====== Provided material

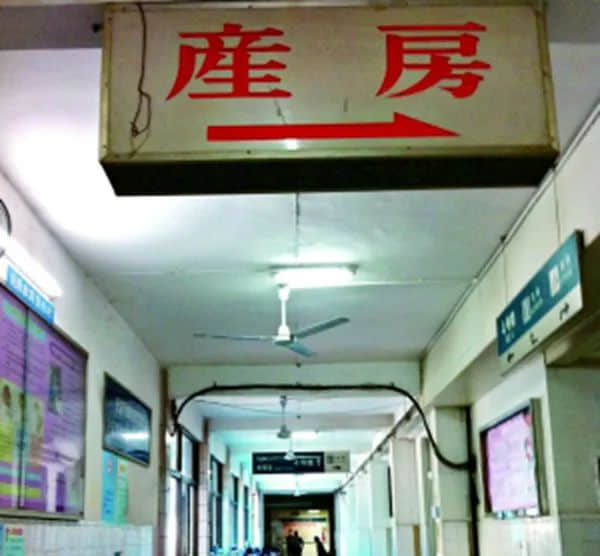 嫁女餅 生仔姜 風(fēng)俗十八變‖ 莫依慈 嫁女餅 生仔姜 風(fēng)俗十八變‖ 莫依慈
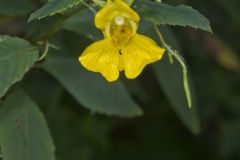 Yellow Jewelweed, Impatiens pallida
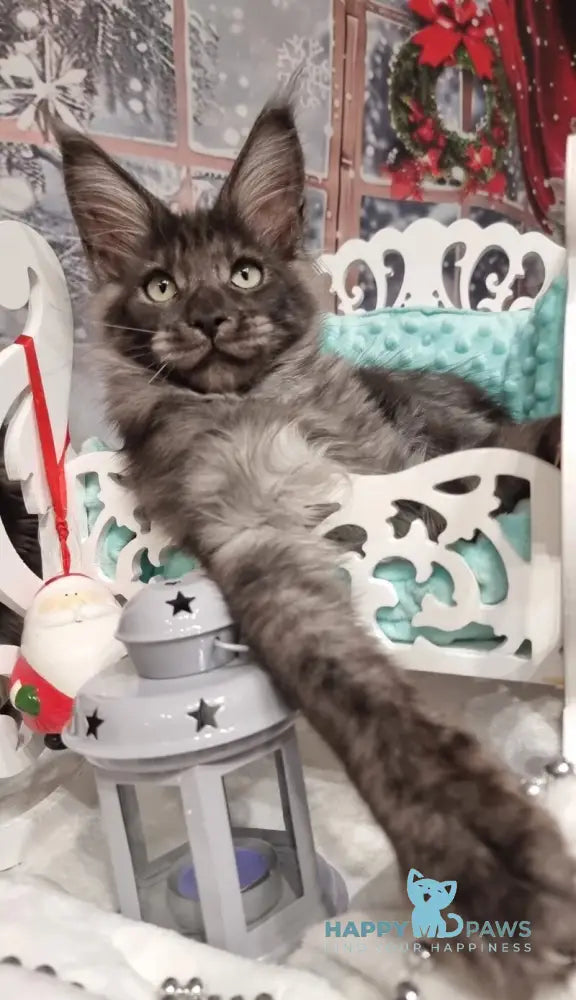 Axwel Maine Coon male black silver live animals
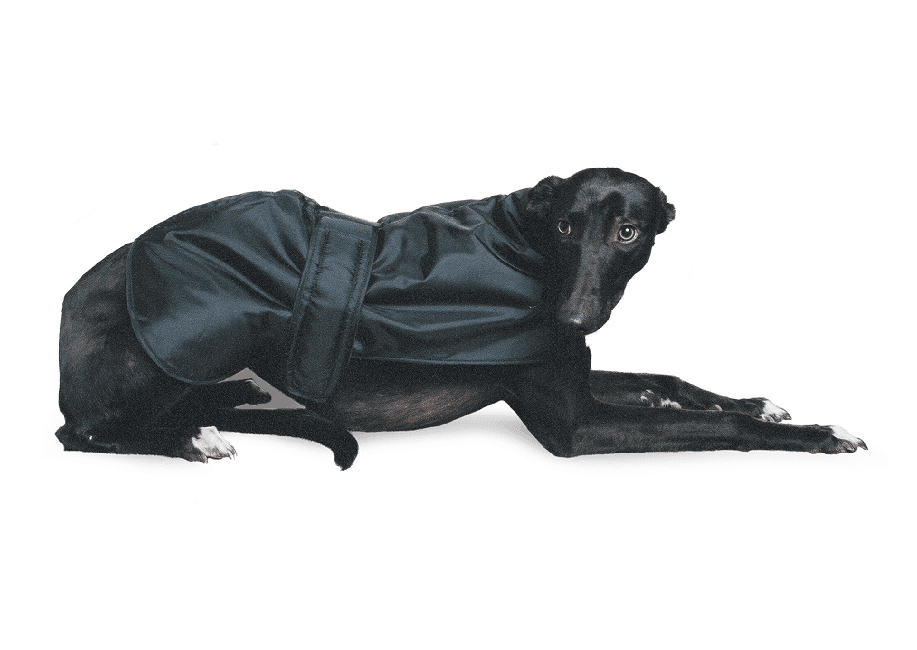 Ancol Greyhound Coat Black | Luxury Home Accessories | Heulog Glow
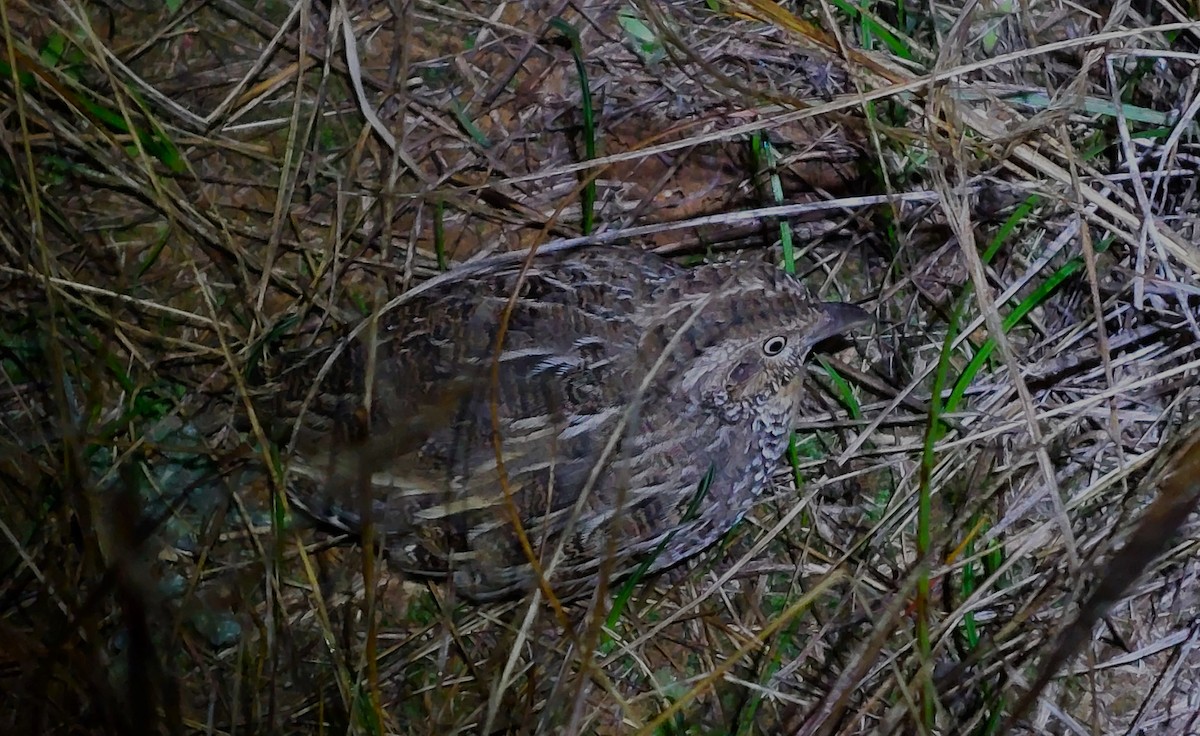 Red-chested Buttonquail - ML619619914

============

What you should do
A verbatim copy of all the records, minus the pictures, is the expected answer.

Written response
 嫁女餅 生仔姜 風(fēng)俗十八變‖ 莫依慈 嫁女餅 生仔姜 風(fēng)俗十八變‖ 莫依慈
 Yellow Jewelweed, Impatiens pallida
 Axwel Maine Coon male black silver live animals
 Ancol Greyhound Coat Black | Luxury Home Accessories | Heulog Glow
 Red-chested Buttonquail - ML619619914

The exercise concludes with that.